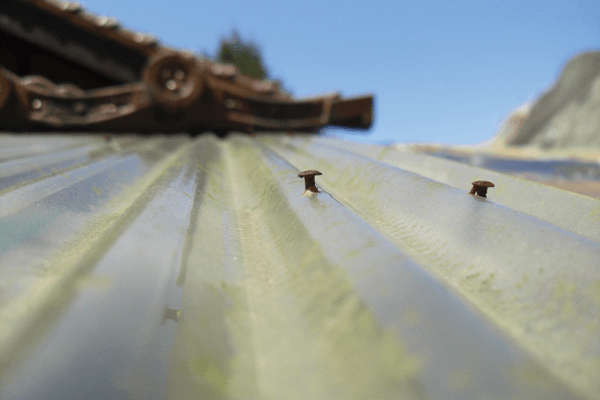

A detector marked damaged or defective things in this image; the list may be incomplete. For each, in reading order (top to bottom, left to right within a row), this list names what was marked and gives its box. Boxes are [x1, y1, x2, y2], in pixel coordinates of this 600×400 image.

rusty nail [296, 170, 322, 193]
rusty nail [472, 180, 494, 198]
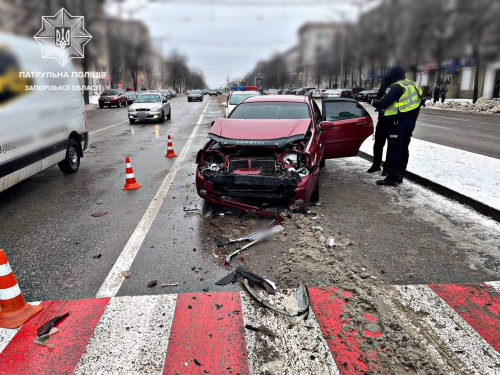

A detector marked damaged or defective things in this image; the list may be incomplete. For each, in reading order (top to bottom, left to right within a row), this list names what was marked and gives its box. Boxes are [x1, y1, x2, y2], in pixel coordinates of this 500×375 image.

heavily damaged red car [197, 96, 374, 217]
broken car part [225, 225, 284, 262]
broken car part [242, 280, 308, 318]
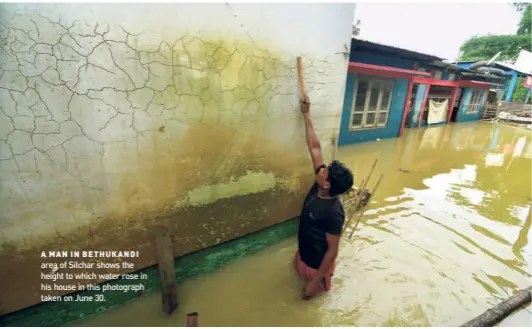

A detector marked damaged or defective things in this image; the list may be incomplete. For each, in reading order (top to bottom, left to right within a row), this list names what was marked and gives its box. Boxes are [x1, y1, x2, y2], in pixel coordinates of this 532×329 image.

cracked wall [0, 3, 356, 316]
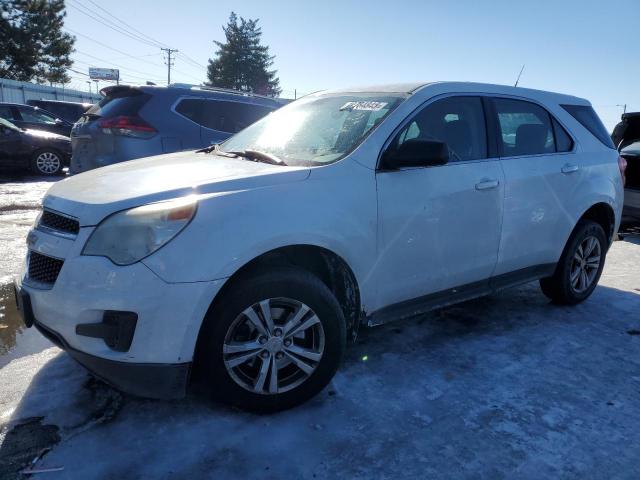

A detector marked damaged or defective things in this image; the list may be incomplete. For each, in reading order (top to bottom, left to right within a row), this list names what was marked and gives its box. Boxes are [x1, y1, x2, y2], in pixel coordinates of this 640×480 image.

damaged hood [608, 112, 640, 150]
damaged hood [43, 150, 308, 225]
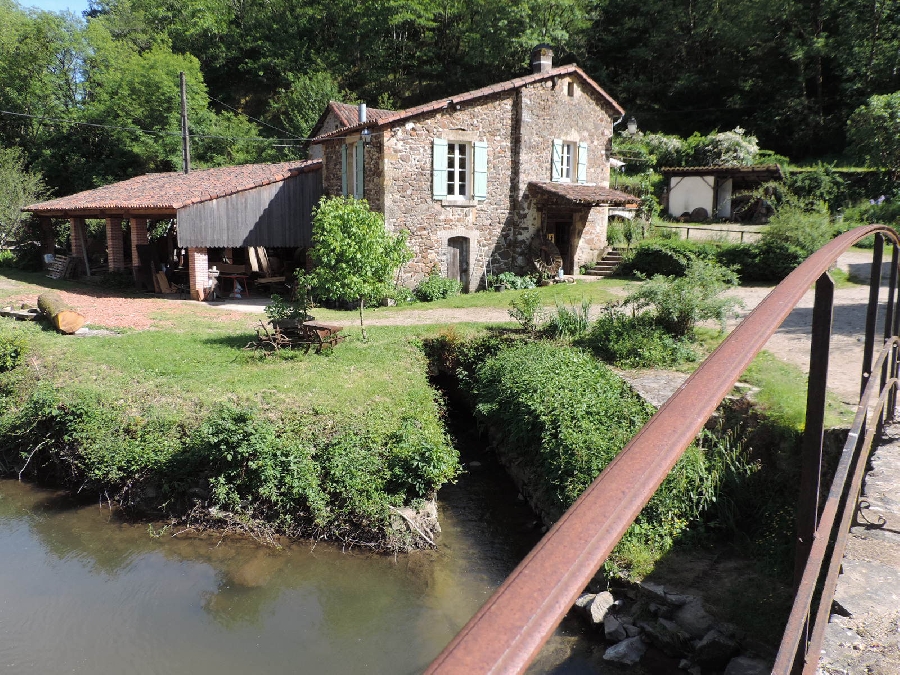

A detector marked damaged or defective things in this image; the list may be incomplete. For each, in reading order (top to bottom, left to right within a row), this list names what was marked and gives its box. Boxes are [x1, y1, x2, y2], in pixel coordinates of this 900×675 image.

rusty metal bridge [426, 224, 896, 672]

> EXERCISE DESCRIPTION
Without the pictures, give every line of the data again, exactly as written.

> SOLUTION FOR THIS PROBLEM
A detector marked damaged or defective things in this image; the list may be incomplete. For each, in reading order (top to bottom, left to right within a row), this list names what was marked and gives its box. Boxes are [x1, y1, x2, y2], in pixel coordinates of this 600×400 image.

rusty nail [296, 170, 322, 193]
rusty nail [472, 180, 494, 198]

A detector marked damaged or defective things in this image; the list may be incomplete. For each, in reading order (top to bottom, left to right within a row), this list names what was marked and gives its box. Boxes are [x1, y1, x2, y2], in pixel coordinates of this 500×375 image.

heavily damaged red car [197, 96, 374, 217]
broken car part [225, 225, 284, 262]
broken car part [242, 280, 308, 318]

A detector marked damaged or defective things in this image; the list may be incomplete. For each, in reading order (top to bottom, left to right within a row), this list names what was marked and gives its box. Boxes are [x1, y1, x2, y2], in pixel coordinates of this 532×329 image.

cracked wall [0, 3, 356, 316]

A detector marked damaged or defective things in this image; the list may be incomplete. For each, in reading order (top to bottom, left to right within a row), this list names what was marked and gives its box. Boxes are [x1, y1, x2, y2], in pixel coordinates of this 640×480 image.

damaged hood [608, 112, 640, 150]
damaged hood [43, 150, 308, 225]

A detector marked damaged or defective things in this image; the list may be incomplete. For each, in reading order (top to bottom, left to right within a row), this list names what was marked and gives its box. Boxes are [x1, y1, x2, y2], in pixel coordinates of this 900×675 image.

rusty metal bridge [426, 224, 896, 672]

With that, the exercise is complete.